In a properly optimized database absolute majority of queries will hit indices and most data will be in memory cache, so majority of transactions will be CPU or RAM bound. So increasing number of concurrent transactions will reduce throughput. There will be few transactions waiting for I/O, but if majority of transactions are waiting for I/O, it's either horrifically inefficient database or very non-standard usage.

Your arguments make sense for concurrent queries (though high-latency storage like S3 is becoming increasingly popular, especially for analytic loads).

But transactions aren't processing queries all the time. Often the application will do processing between sending queries to the database. During that time a transaction is open, but doesn't do any work on the database server.

It is bad application architecture. Database work should be concentrated in minimal transactional units and connection should be released between these units.
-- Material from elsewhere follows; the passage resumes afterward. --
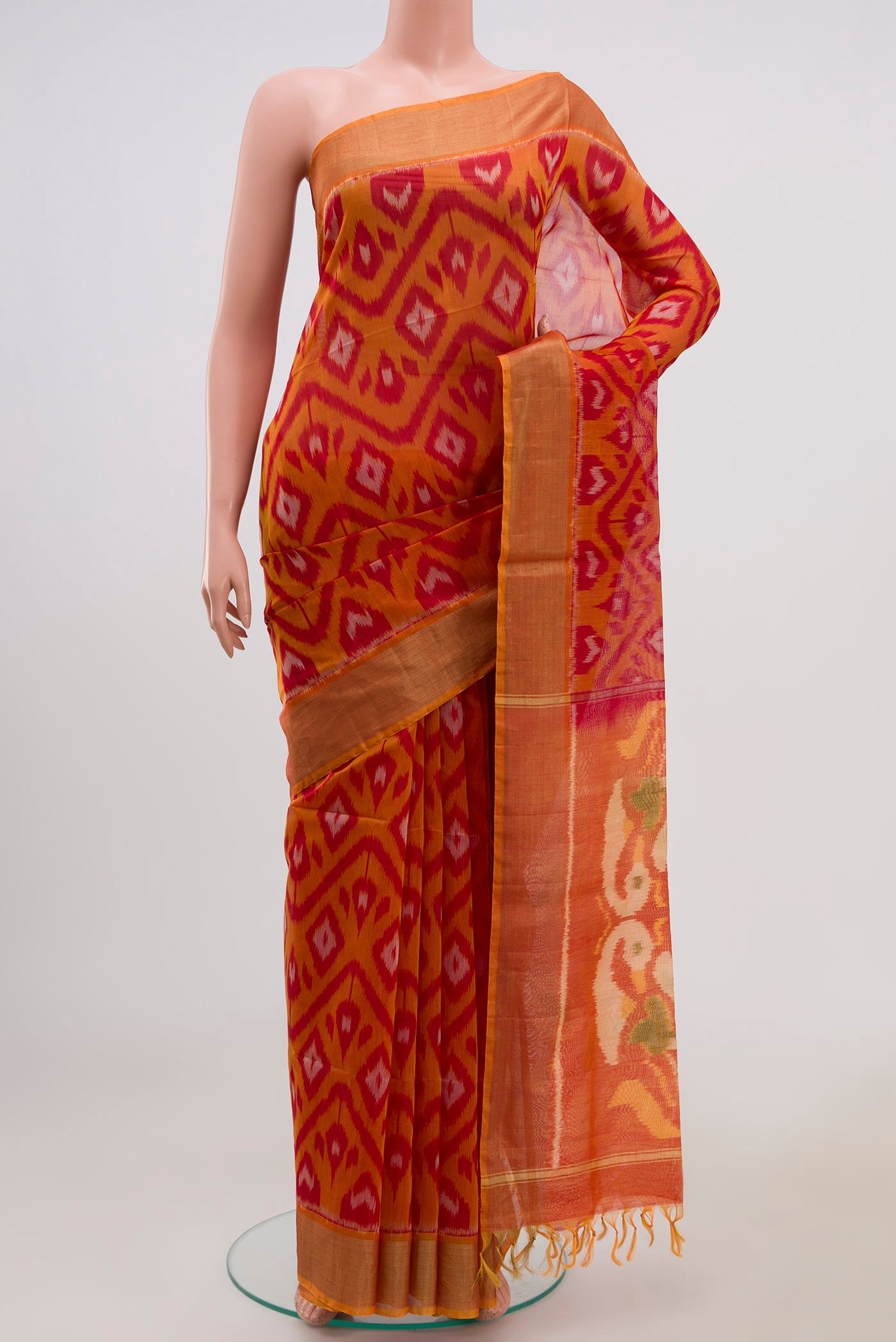 Red Coimbatore Silk Cotton Saree with Ikat Print on the body and Zari Border.  displayed on a mannequin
All data should be prepared before unit start and additional processing should take place after transaction ended. Using long transactions will cause locks, even deadlocks and generally should be avoided. That's my experience at least. Sometimes business transaction should be split into several database transaction.

Your database usage should not involve application-focused locks, MVCC will restart your transaction if needed to resolve concurrency.

If you aren't hitting IO (I don't mean HDDs) on a large fraction of queries you either skipped a cache in front of the DB or your data is very small or you spent too much on RAM and too little on your NVMe being not a bottleneck.